Le ministre algérien de la Santé, Mohamed Seddik Ait Messaoudene, a reçu l’ambassadeur de la République du Kenya auprès de l’Algérie, M. Kaluma Timothy Mcharo, avec lequel il a examiné les moyens de renforcer et d’élargir la coopération bilatérale dans le domaine de la santé, indique mercredi un communiqué du ministère.
Lors de cette rencontre, tenue mardi au siège du ministère, en présence de cadres de l’administration centrale, le ministre a présenté un exposé sur le système de santé en Algérie, ainsi que les principes sur lesquels il repose, notamment la gratuité des soins, la promotion et le renforcement de la prévention, étant un « pilier essentiel » du système de santé, outre le développement de la santé de proximité et le rapprochement des services de santé du citoyen, précise le communiqué.
Ait Messaoudene a également évoqué le rôle de la Pharmacie centrale des hôpitaux (PCH) dans l’approvisionnement en médicaments et en dispositifs médicaux des différentes structures de santé, ainsi que le rôle de l’Institut Pasteur d’Algérie, en tant qu »’institution de référence au niveau africain », ajoute la même source.
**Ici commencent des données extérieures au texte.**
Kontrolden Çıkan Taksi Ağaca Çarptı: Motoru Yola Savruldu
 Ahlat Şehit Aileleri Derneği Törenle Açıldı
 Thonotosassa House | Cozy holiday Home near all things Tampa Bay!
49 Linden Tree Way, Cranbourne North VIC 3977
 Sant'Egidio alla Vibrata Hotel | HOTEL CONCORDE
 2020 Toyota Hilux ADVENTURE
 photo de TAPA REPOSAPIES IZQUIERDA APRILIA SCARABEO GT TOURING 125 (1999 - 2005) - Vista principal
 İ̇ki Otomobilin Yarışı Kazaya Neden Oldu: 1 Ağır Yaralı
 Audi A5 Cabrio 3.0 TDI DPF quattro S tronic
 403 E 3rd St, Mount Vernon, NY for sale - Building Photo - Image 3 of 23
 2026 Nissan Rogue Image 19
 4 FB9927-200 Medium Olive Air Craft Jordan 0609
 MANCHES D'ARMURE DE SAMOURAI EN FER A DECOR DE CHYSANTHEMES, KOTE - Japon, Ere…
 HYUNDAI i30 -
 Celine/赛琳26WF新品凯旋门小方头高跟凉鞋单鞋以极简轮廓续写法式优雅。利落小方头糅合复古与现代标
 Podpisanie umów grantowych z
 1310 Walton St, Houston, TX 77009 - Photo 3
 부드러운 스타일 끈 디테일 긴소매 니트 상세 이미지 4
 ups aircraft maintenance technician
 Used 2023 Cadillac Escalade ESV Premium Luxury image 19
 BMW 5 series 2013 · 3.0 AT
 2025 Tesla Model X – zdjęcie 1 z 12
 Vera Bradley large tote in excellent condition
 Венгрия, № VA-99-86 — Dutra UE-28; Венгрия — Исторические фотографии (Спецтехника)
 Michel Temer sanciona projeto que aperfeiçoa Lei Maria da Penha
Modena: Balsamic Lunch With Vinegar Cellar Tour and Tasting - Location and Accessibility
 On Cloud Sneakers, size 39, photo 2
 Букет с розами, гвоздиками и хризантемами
Les entretiens ont aussi porté sur les domaines de la médecine nucléaire, l’utilisation de l’intelligence artificielle dans le domaine médical, la numérisation des services de santé, ainsi que le système de contractualisation et les mécanismes d’amélioration des performances du système de santé, selon la même source.
Dans ce cadre, l’ambassadeur de la République du Kenya a fait part de « l’intérêt de son pays à renforcer la coopération avec l’Algérie, notamment dans le domaine de l’oncologie, et à tirer profit de l’expertise et de l’expérience algériennes dans ce domaine ».
Les deux parties sont convenues d’organiser une réunion en visioconférence, avec la participation des services compétents des deux pays, afin d’élaborer un programme de travail commun et de définir les domaines prioritaires de coopération, en vue de contribuer à la « concrétisation de projets pratiques et concrets au bénéfice des systèmes de santé des deux pays », conclut le communiqué.